Born September 1, 1875(1875-09-01)
Chicago, Illinois, United States
Died March 19, 1950 (aged 74)
Encino, California, United States
Occupation Novelist
Nationality American
Writing period 20th century
Genres Adventure novel, Lost World, Sword and Planet, Planetary Romance, Soft science fiction, Westerns
Notable work(s) Tarzan series, Barsoom series

Edgar Rice Burroughs (September 1, 1875 – March 19, 1950) was an American author, best known for his creation of the jungle hero Tarzan and the heroic John Carter, although he produced works in many genres.

Contents

[edit] Biography

Burroughs was born on September 1, 1875 in Chicago, Illinois (although he later lived for many years in the neighboring suburb of Oak Park), the son of a businessman. He was educated at a number of local schools, and during the Chicago influenza epidemic in 1891 spent a half year on his brothers' ranch on the Raft River in Idaho. He then attended the Phillips Academy in Andover, Massachusetts and then the Michigan Military Academy. Graduating in 1895, and failing the entrance exam for West Point, he ended up as an enlisted soldier with the 7th U.S. Cavalry in Fort Grant, Arizona Territory. After being diagnosed with a heart problem and thus found ineligible for a commission, he was discharged in 1897.

What followed was a string of seemingly unrelated and short stint jobs. Following a period of drifting and ranch work in Idaho, Burroughs found work at his father's firm in 1899. He married Emma Centennia Hulbert in 1900. In 1904 he left his job and found less regular work, initially in Idaho but soon back in Chicago.

By 1911, after seven years of low wages, he was working as a pencil sharpener wholesaler and began to write fiction.

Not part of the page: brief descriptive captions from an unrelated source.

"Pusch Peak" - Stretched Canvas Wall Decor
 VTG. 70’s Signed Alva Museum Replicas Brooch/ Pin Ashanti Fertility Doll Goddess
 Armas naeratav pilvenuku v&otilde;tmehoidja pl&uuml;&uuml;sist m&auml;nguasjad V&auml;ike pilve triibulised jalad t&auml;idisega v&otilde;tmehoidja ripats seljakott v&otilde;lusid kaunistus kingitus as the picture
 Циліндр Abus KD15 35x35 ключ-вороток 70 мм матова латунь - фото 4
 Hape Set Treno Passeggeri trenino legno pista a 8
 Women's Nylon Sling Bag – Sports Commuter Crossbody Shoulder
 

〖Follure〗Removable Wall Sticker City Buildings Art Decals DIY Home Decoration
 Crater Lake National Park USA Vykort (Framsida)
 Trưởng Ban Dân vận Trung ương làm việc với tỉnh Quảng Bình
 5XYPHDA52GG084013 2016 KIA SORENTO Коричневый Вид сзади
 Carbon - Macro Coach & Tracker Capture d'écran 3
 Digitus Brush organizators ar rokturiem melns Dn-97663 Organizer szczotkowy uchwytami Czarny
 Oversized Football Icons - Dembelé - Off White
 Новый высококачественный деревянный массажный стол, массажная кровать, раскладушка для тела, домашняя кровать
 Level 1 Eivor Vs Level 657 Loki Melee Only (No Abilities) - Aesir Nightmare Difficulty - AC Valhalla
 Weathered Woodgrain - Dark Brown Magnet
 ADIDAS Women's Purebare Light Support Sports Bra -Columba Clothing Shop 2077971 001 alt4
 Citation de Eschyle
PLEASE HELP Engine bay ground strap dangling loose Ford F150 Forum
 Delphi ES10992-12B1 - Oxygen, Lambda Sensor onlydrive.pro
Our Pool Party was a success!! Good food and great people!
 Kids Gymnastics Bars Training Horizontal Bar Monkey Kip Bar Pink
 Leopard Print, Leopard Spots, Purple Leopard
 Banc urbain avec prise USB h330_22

By this time Burroughs and Emma had two children, Joan and Hulbert. During this period, he had copious spare time and he began reading many pulp fiction magazines and has since claimed:

"...if people were paid for writing rot such as I read in some of those magazines that I could write stories just as rotten. As a matter of fact, although I had never written a story, I knew absolutely that I could write stories just as entertaining and probably a whole lot more so than any I chanced to read in those magazines."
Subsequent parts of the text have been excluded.